§ **Source records**
'''

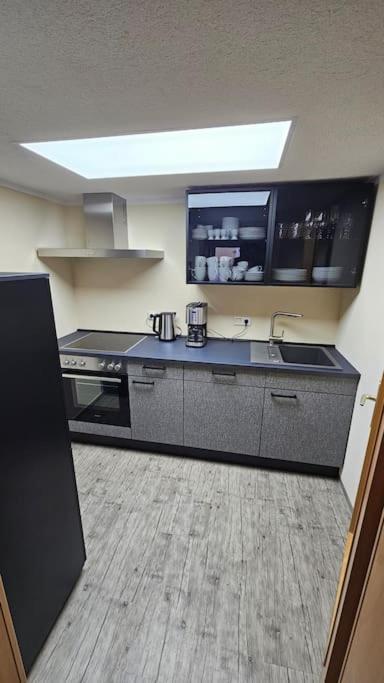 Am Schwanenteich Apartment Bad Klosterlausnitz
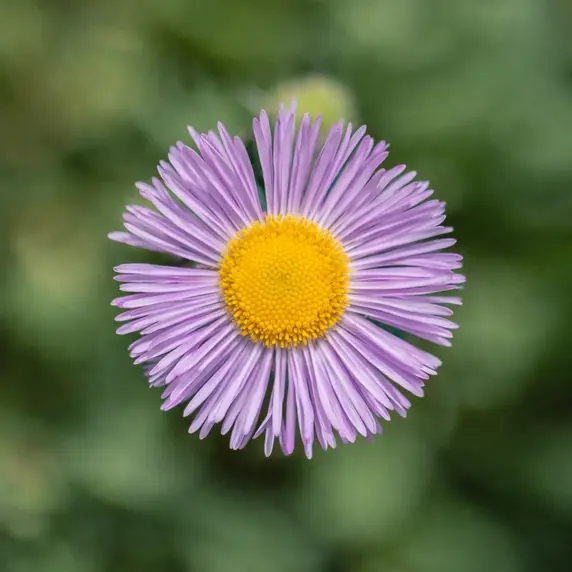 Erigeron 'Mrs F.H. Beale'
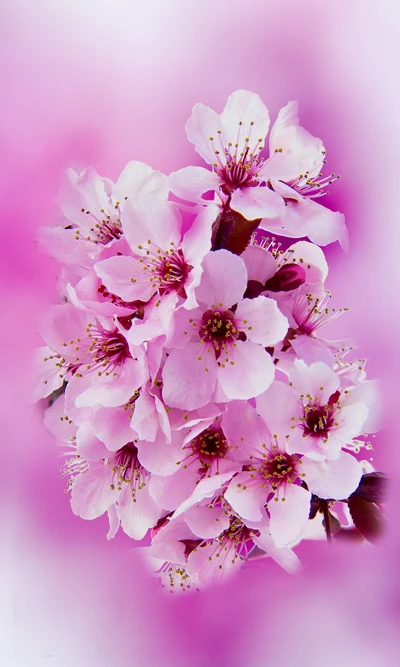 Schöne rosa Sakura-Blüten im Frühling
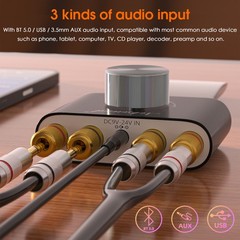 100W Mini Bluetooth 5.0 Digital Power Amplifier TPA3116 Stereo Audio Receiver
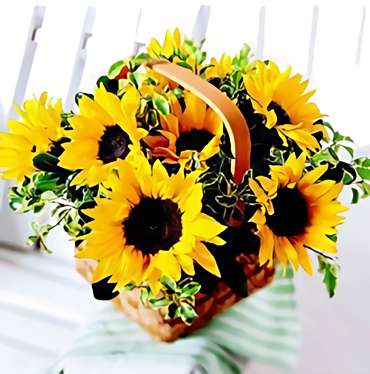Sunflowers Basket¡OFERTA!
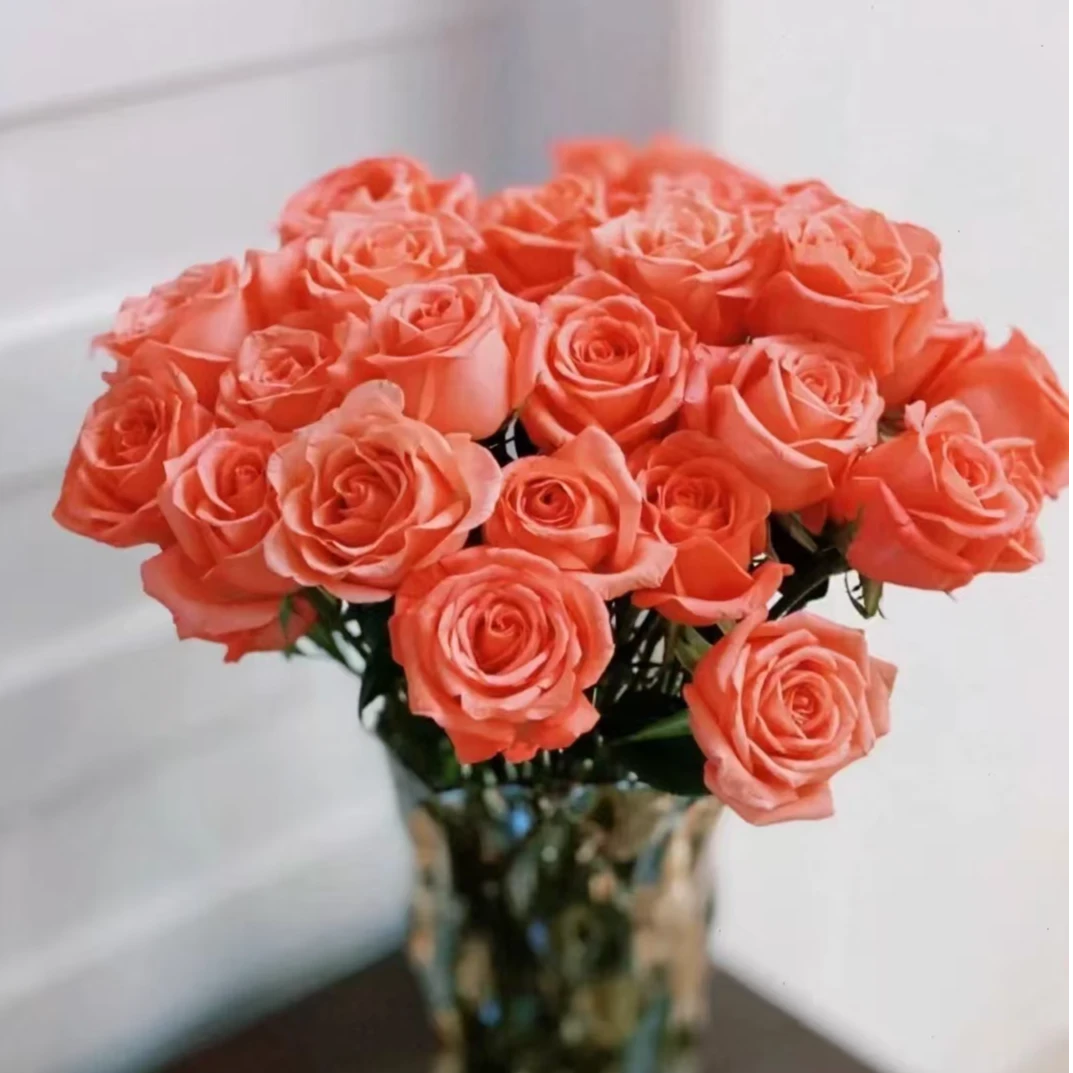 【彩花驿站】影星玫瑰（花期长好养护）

'''

§ **Task goal**
When the line that holds "Schöne rosa Sakura-Blüten im Frühling" is reached, begin duplicating exactly, and continue through the last line of the listing, skipping the pictures; output nothing else.

§ **Problem solution**
 Schöne rosa Sakura-Blüten im Frühling
 100W Mini Bluetooth 5.0 Digital Power Amplifier TPA3116 Stereo Audio Receiver
Sunflowers Basket¡OFERTA!
 【彩花驿站】影星玫瑰（花期长好养护）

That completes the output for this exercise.